Tomb Raider

Alone in the dark.

After six years of conjuring elaborate puzzles, death traps and dungeons, and four years of drowning, maiming and fracturing every bone in the body of one of video game's enduring icons, Crystal Dynamics is, at long last, about to make its very first Tomb Raider game.

That isn't to say this is the first TR title the studio has worked on, of course. Legend and Anniversary both proved it was adept in the handling of a formula created by Core Design in 1995.

By the time of 2008's Underworld, Crystal Dynamics had that formula perfected. Underworld ticked with the rhythm of one of its own labyrinthine puzzles, taking everything that made the Tomb Raider games tick and pushing the series to a natural conclusion. Those tombs had never been so lush, those puzzles so epic and that sense of exploration so thrilling.

And then, with the isometric co-operative adventure Guardian of Light, the studio proved it knew the formula so well it could flip the perspective, add another player and still create an experience dripping with essence of Tomb Raider.

But now, having taken that formula borrowed from Core Design and extracted it, transmuted it and explored it in every conceivable way, it's time to start again. It's time for Crystal Dynamics to make a Tomb Raider game that is, from the ground up, its very own.

"When we finished Underworld there was a very conscious decision that we'd never really told the tale of Lara and how she got to this situation," says Karl Stewart, who's been the brand director of Tomb Raider throughout Crystal Dynamics' tenure.

"We stepped aside and looked at what that meant and we realised that Lara had become a caricature of herself."

It's a caricature which has endured, though, and one that's survived not only the attention of Hollywood and a dead-eyed Angelina Jolie but also one complete car crash of a game.

In all that time it hasn't moved far away from its nineties' source; Lara is still a impossibly pneumatic cipher with an improbable waistline, and the Lara of Underworld and Guardian of Light was very much the same as the one that helped define a whole generation of games.

To tear that apart, and to potentially throw away all that makes Lara so popular, is incredibly risky business.
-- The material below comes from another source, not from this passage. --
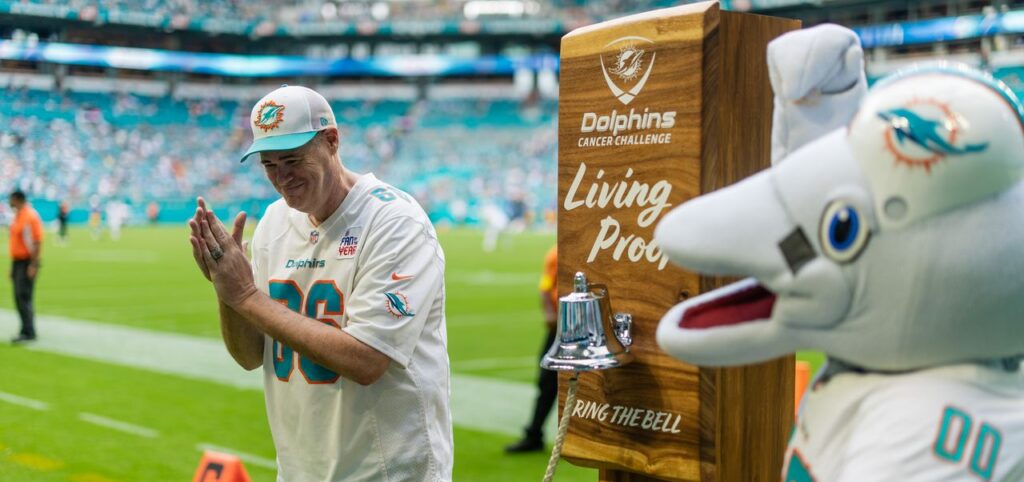 Dolphins Cancer Challenge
Crystal Dynamics is aware of the line it has to walk.

"What we said from day one is that Lara Croft, she's an icon," explains Stewart. "We just need to make sure that we treat that with respect and don't forget who we are we don't want people to play the game and say that's not a Tomb Raider or a Lara Croft experience."

Nolan's Batman Begins is a recurring influence, and Tomb Raider's aims are much the same; it's about the deconstruction of an icon, about breaking it down and rebuilding it in a novel and at times surprising way. The game will present an approximation of the Lara that we know. The fun part will be seeing how Crystal Dynamics constructs her in its own way.

At the hear of the new game is a younger Lara, straight from college and untouched by adventure as she sets out on the Endurance, a ship captained by family friend Roth. A dramatic and violent storm that hits just off the Japanese coast tears it apart. A frail, distraught and solitary Lara is left drifting in and out of consciousness upon the shores of a rain-lashed island.

The story is told in tightly directed cut-scenes (for the first time, Crystal Dynamics has employed a cinematographer). There's the slightest hint of the digital aesthetic that defined Kane & Lynch: Dog Days in the time-code that runs through loading screens, and in the hurried and intense camera work.